A parser for DEC’s ANSI-compatible video terminals

Design Aims

This document presents a state machine for a parser for escape and control sequences, suitable for use in a VT emulator. It is claimed to have two important properties:

During the discussion of this design, I will mention some real terminal emulators by name. This is for comparative purposes only and no criticism is intended of decisions made by the authors or maintainers of the applications referred to. After all, I am not presenting a product to the world, merely an ideal software model and I am free to ignore efficiency!

In this document, “VT500” is used as shorthand for the VT500 series of terminals, the VT510, VT520 and VT525.

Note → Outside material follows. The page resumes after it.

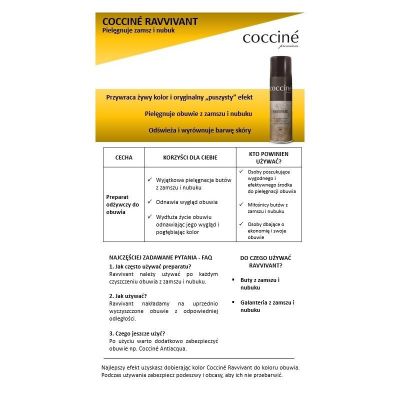 4. Preparat Coccine bezbarwny renowator ravivant do zamszu i nubuku DA0232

Why DEC-compatible, not just ANSI-compatible?

All of DEC’s terminals from the VT100 onward are compatible with ANSI X3.64-1979, “Additional Controls for Use with American National Standard Code for Information Interchange”, hereafter referred to just as X3.64. However, X3.64 defines many implementation-dependent features and error conditions without defining recovery procedures. A sample of these is given below; a more detailed treatment appears later.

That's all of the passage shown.